Type out the listing below exactly. Pictures stay out of it.

=-=-=-=-=

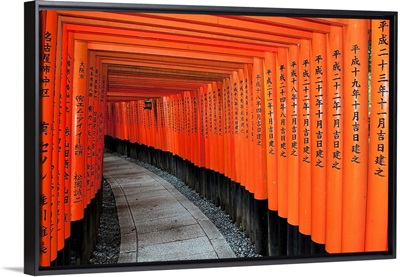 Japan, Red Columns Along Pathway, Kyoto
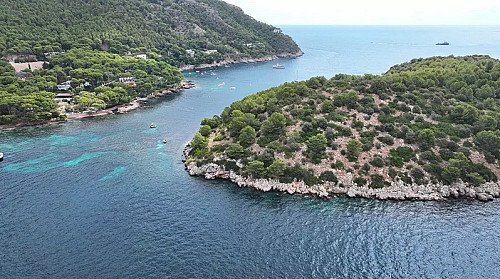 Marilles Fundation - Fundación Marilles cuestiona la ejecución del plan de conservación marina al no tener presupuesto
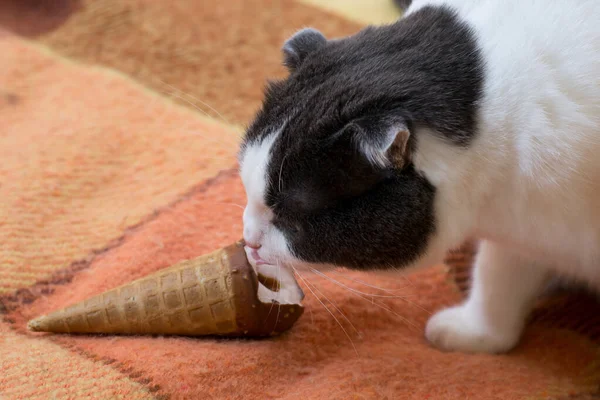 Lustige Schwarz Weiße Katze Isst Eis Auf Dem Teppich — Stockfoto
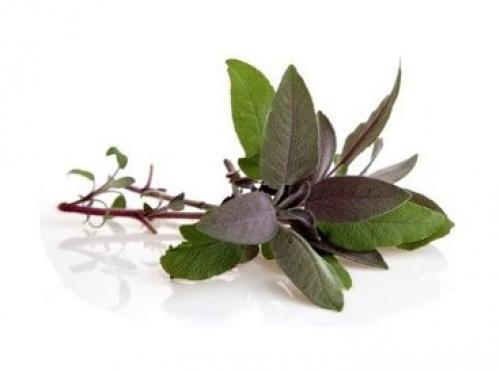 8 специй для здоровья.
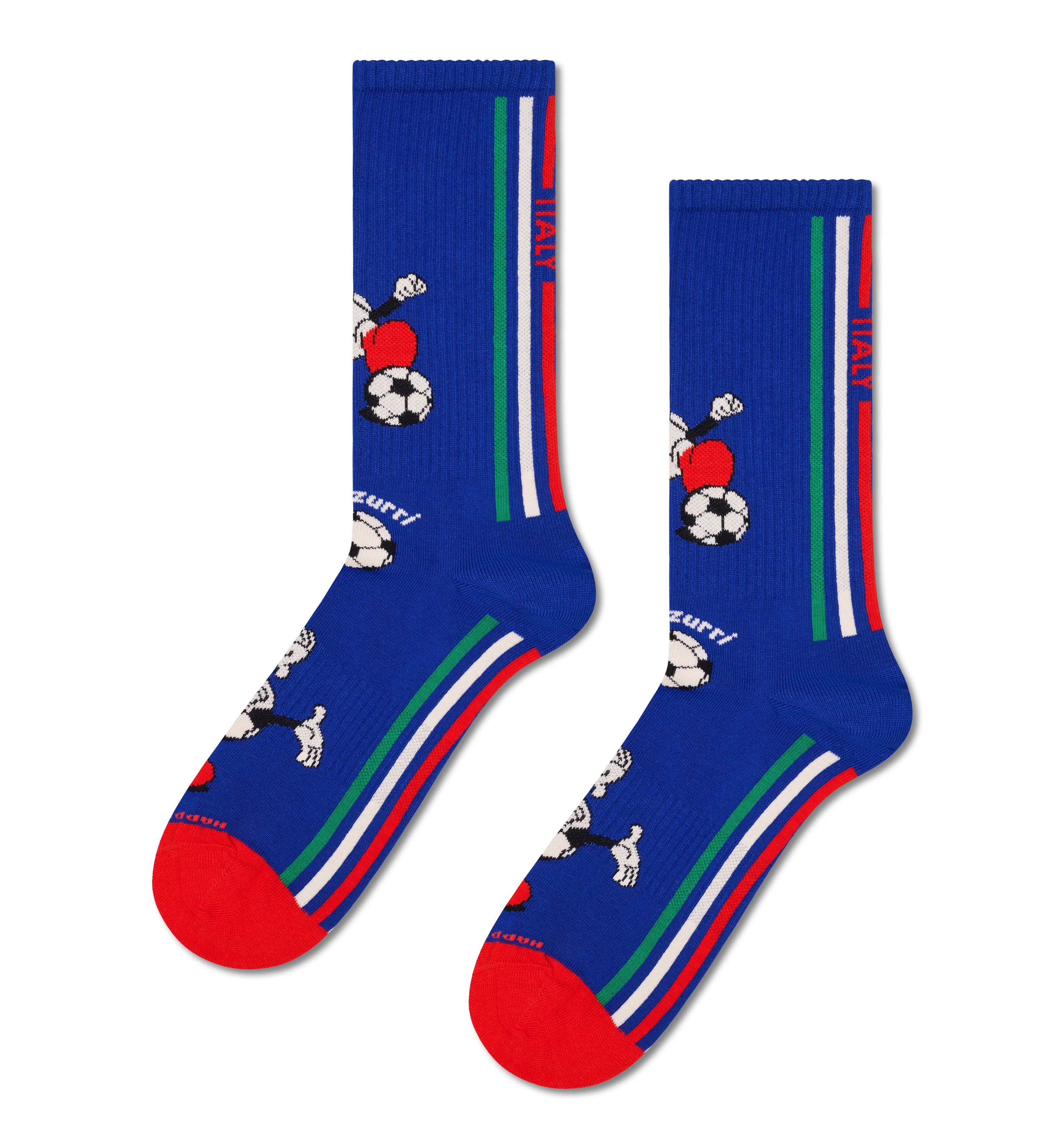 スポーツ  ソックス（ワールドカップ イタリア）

=-=-=-=-=

**Completed exercise**
 Japan, Red Columns Along Pathway, Kyoto
 Marilles Fundation - Fundación Marilles cuestiona la ejecución del plan de conservación marina al no tener presupuesto
 Lustige Schwarz Weiße Katze Isst Eis Auf Dem Teppich — Stockfoto
 8 специй для здоровья.
 スポーツ  ソックス（ワールドカップ イタリア）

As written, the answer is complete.